Although a frame-based format such as ADTS uses more overhead than
a simpler format, such as ADIF, these frame-based formats are
nevertheless suitable for situations in which audio data is
organized into files and stored in memory for retrieval and
playback. Thus, the term "data stream" as used in this disclosure
may refer to data organized into a file and stored in memory, or to
data transported in a streaming application, such as Internet
radio, in such a manner that the audio decoder may not have access
to the entirety of the audio data at a given time.
[0018] FIG. 2 illustrates an exemplary header 80 as might be found
in each encoded audio frame 72 of a data stream 70. The header 80
includes a syncword 82, which is a fixed sequence of bits used to
indicate the presence of a frame header. In FIG. 2, the syncword 82
consists of a sequence of twelve "1" bits, appearing at the
beginning of the frame header. The ADTS format uses a header as
pictured in FIG. 2, but it should be apparent that other formats
may use syncwords of different lengths, with different data, and/or
appearing at different positions with the header 80. However, a
consistent feature of the syncword 82 is that its structure and
content is fixed with respect to a given transport format.
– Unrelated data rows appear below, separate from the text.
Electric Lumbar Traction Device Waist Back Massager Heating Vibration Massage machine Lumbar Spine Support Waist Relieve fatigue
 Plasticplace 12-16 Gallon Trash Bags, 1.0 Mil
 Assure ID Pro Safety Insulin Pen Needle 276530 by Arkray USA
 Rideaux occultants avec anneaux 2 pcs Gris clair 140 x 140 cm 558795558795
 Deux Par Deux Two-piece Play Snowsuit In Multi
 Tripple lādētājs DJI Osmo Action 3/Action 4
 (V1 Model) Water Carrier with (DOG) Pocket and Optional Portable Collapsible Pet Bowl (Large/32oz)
Accordingly, every data stream formatted for ADTS, for example,
will include headers 80 that each include an identical syncword
82.
[0019] In contrast, other fields within the header 80 may vary from
data stream to data stream. For example, header 80 in FIG. 2
includes an ID field, which includes a single bit. This field is
used in ADTS to indicate whether the audio data in the data stream
70 has been encoded according to the MPEG-2 standard (ID Field=1)
or the MPEG-4 standard (ID Field=0). Thus, this field may vary
between different data streams. FIG. 2 also illustrates a layer
field 86, which in ADTS is fixed at "00", as well as a protection
absent field 88 (in ADTS, a one-bit field indicating whether the
header includes a checksum) and a profile field 90 (in ADTS, a
two-bit field indicating which of several AAC encoding schemes has
been used to encode the audio data). Finally, the header 80 in FIG.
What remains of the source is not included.